John Batchelor also has fun with his rant about Mudd's predecessor, Franklin Raines. Raines tends to remind one why the French revolutionaries tolerated Maximillien Robespierre as long as they did, until they guillotined him.

Yes, Boris?

"Pundita, dear, you seem more upset about the aftermath of Hurricane Ike than the death of American capitalism. Do you think this crisis will blow over?"

Boris, there are strong parallels between the refusal to build sensibly in hurricane alleys and the situation that engulfed Wall Street.

I'm not sure what you mean by "American capitalism." Fannie Mae and Freddie Mac were never capitalist institutions. Everyone on Wall Street always knew that. So they knew exactly what would happen if regulations on short selling were removed and the markets then got hit with a surge of bad paper.

It's just that they didn't know when the worst of the surge would hit them. The ones who miscalculated can be likened to residents who refused to evacuate Galveston Island, until it was so late that Ike trapped them when they tried to flee.

There is no such thing as capitalism in bits and pieces; if part of the American investment system is socialist -- propped up by the government -- and another part is unregulated, there's always a catastrophe when the contradictions are met with destructive conditions from outside the system.

In this case, as in the case of Hurricane Ike and all hurricanes, the storm didn't arise in the U.S. but far out to sea; it arose when foreign hedge funds and banks panicked at the liquidity problems in response to the U.S. mortgage market meltdown.

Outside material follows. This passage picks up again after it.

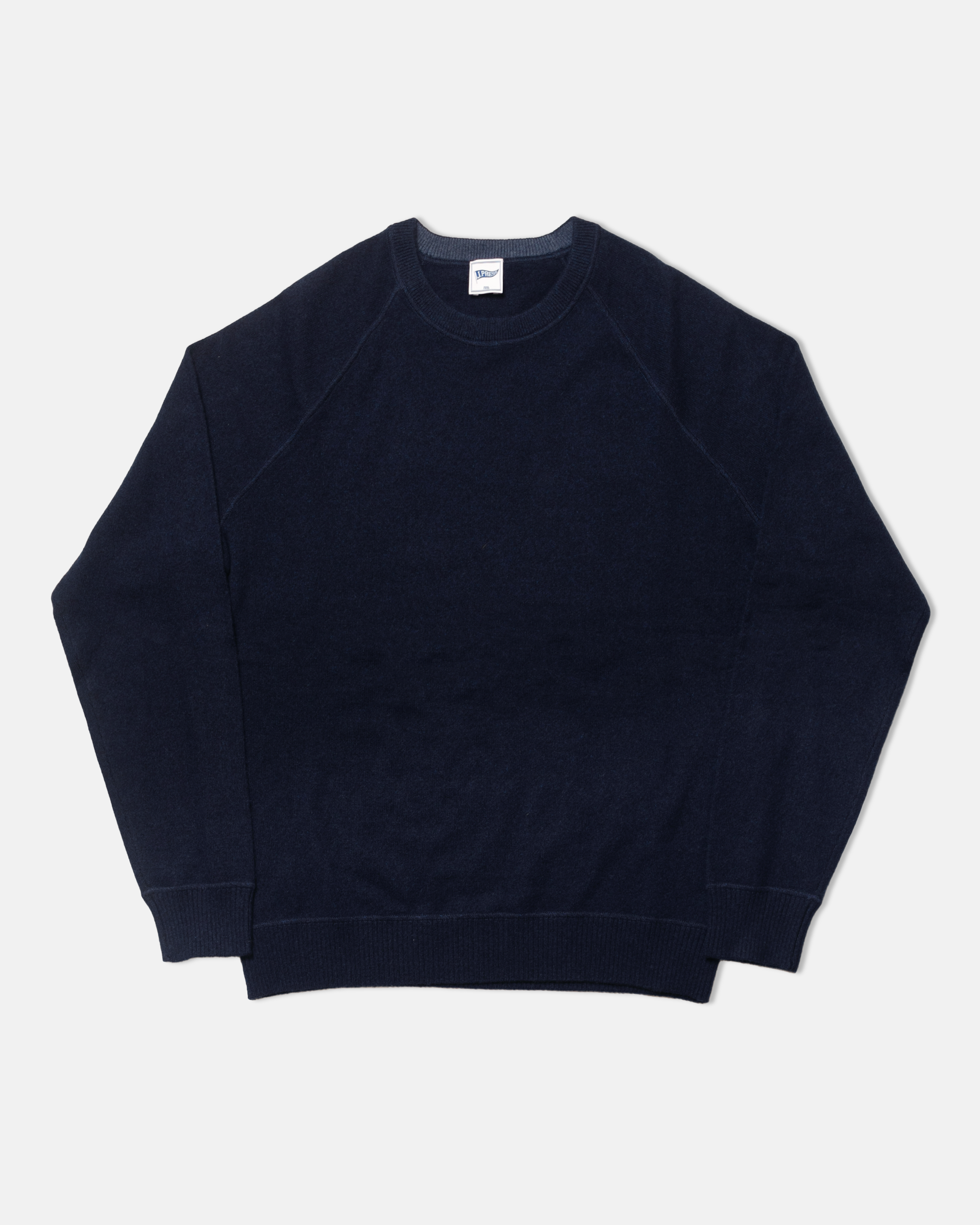 Dark Blue Cashmere Crewneck Sweater - Trim Fit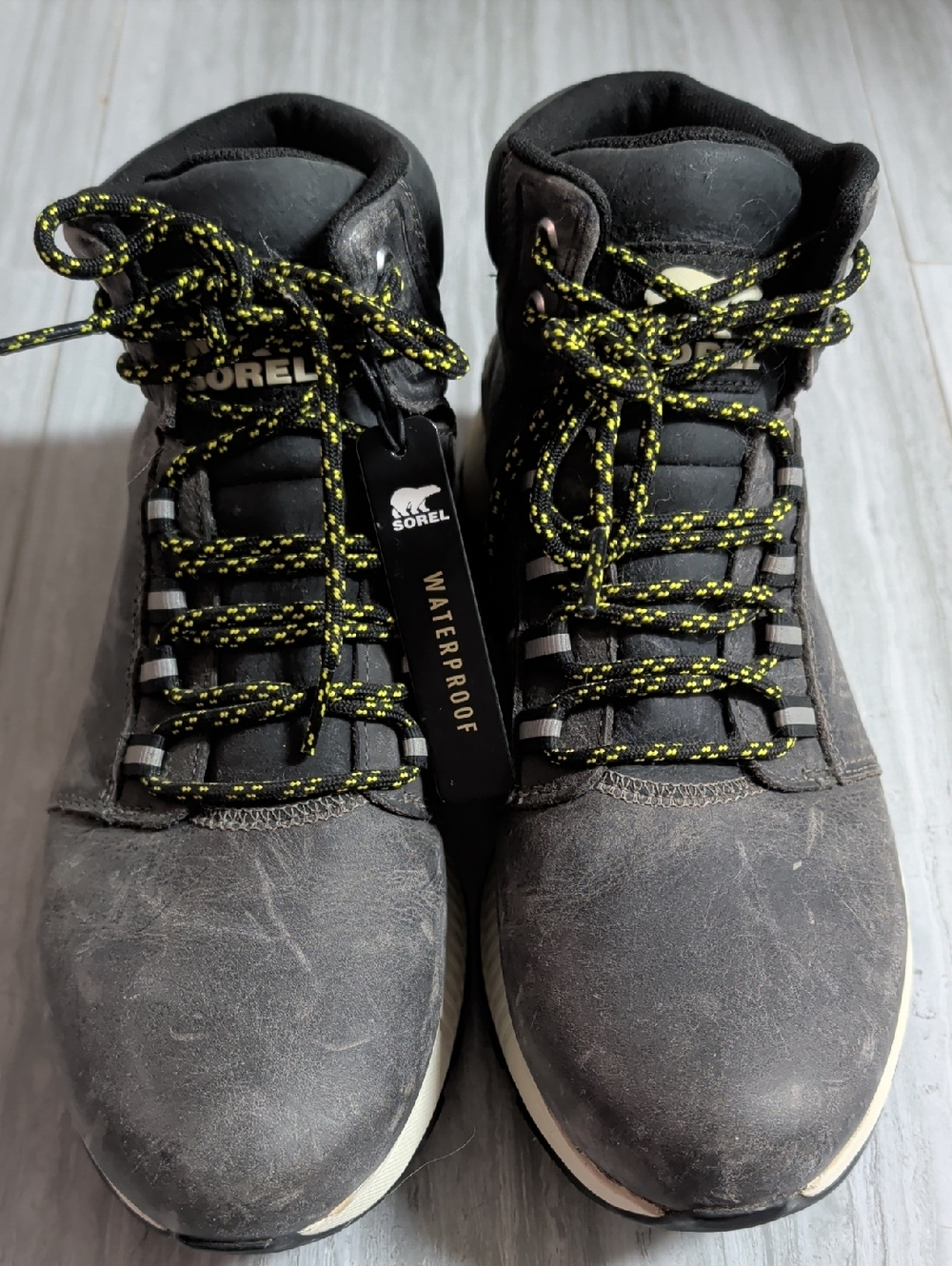 Sorel Mac Hill Lite Men's Waterproof Leather Boots Size 8.5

The Fed moved too late to address the meltdown and had little control over how other central banks would deal with the liquidity crisis.

It was at that moment that the SEC should have restored the regulations on short selling, in the manner of huddling behind a seawall during a storm surge.

The regulations couldn't stop the storm but they would have prevented the worst effects, which included U.S. companies with reasonably good fundamentals going under.

Of course there is tremendous corruption associated with Fannie and Freddie, and a Robespierre will be dredged up to make heads roll. But this won't be addressing the systemic problem, which is that governments can't resist using financial markets for social engineering purposes.

There was a closing comment I omitted from the Christian Science Monitor article I quoted from in Wednesday's post on Galveston Island in the wake of Ike:
"Yes, these kinds of storms become memorialized and they become part of that culture," says Anthony Oliver-Smith at the Institute for Environment and Human Security at United Nations University in Bonn, Germany.

But he says, "Memories of [natural disasters] begin to diminish after 30 years, at which point development begins again to put people in harm's way."
The same could be said for financial market crises that become catastrophic when governments refuse to acknowledge that capitalism is not a potted plant.

In the wake, everyone is scared and cautious. But the memory of the debacle eventually fades, and so here we are again.

The catastrophe won't blow over without a lot of fine tuning. The Lords of the Craps Table -- the gnomes at the BIS and IMF, the central bankers and the shrewdest minds at the largest capital firms -- will patch it over somehow. A new regulatory body or several will come into existence, along with a host of new laws.

Then we can all go back to having our cake and eating it too, until reality intervenes again somewhere down the line.

Don't despair, Boris. Remember I've counseled before on the folly of insisting on competence always in all things. When it comes time to ring down the curtain on the human race, you want a dolt in charge of overseeing the termination sequence.